Introduction

The corto (“correlation tool”) package provides a pipeline to infer networks between “centroid” and “target” variables in a dataset, using a combination of Pearson correlation and Data Processing Inequality (DPI), first proposed in [1]. The main application of corto is in the field of Bioinformatics and Transcriptomics, where co-occurrence between variables can be used as a mean to infer regulatory mechanisms [2] or gene functions [3]. In this field, usually the tested features are genes (or rather, their expression profile across samples), whereas the centroids are Transcription Factors (TFs) and their targets are Target Genes (TGs).

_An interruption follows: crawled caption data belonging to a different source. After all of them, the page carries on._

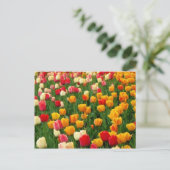 チューリップ5ポストカード ポストカード (スタンド正面)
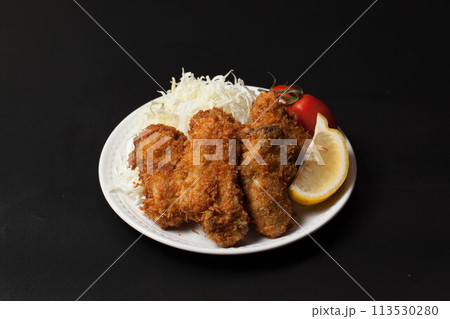 美味しそうなカキフライ 美味しそうなカキフライ 113530280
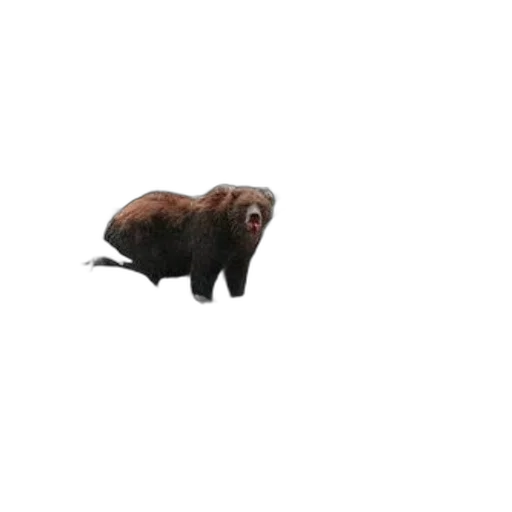 animal, creature, hair, hat transparent PNG cut-out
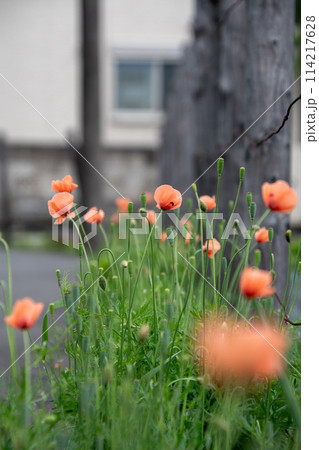 道路脇に咲くナガミヒナゲシ 114217628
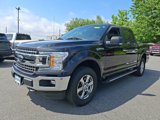 Certified 2020 Ford F150 XLT w/ Equipment Group 302A Luxury image 3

The TF-TG co-expression can hint at a causal regulatory relationship, as proven in many studies [4,5,6]. The corto tool replicates the well-established pipeline of the ARACNe family of tools [7,8,9]

In brief, corto operates using the following steps:

  1. Load a gene expression matrix and a list of user-provided centroids (e.g. TFs). Data should be normalized via Variance Stabilizing Transformation (VST) for RNA-Seq, and Robust Multiarray Average (RMA) for microarrays, as described in [10].
  2. Calculate all pairwise Pearson correlation coefficients between centroid and target features. The rank transformation operated by the Pearson correlation coefficient is a common procedure used in co-expression based studies, due to its benefits in reducing the effects of outliers [11].
  3. Filter out all centroid-target features whose correlation coefficient absolute value is below the provided p-value threshold p.
  4. Apply DPI to all centroid-centroid-target triplets, in order to identify which centroid-target correlation is stronger and identify the most likely association (e.g. which TF is the most likely regulator of the TG in the dataset).
  5. All edges are tested for Data Processing Inequality in a number of bootstrapped versions of the same input matrix (specified by the nbootstraps parameter, 100 by default, as in ARACNE-AP [8]). This step can be run in parallel by specifiying the number of threads using the nthreads parameter. The number of occurrences of each edge (if they survived DPI) is calculated. This number can range from 0 (the edge is not significant in any bootstrap) to nbootstraps+1 (the edge is significant in all bootstraps, and also in the original matrix).
  6. A network is generated in the form of a list, where each element is a centroid-based list of targets. In order to follow the structure of the regulon class implemented by downstream analysis packages (e.g. VIPER [12]), each target is characterized by two parameters:
    • The tfmode, the mode of action, i.e. the Pearson correlation coefficient between the target and the centroid in the original input matrix
    • The likelihood of the interaction, calculated as the number of bootstraps in which the edge survives DPI, divided by the total number of bootstraps (in this impelmentation, the presence of an edge in the original, non-bootstrapped matrix is considered as an additional evidence)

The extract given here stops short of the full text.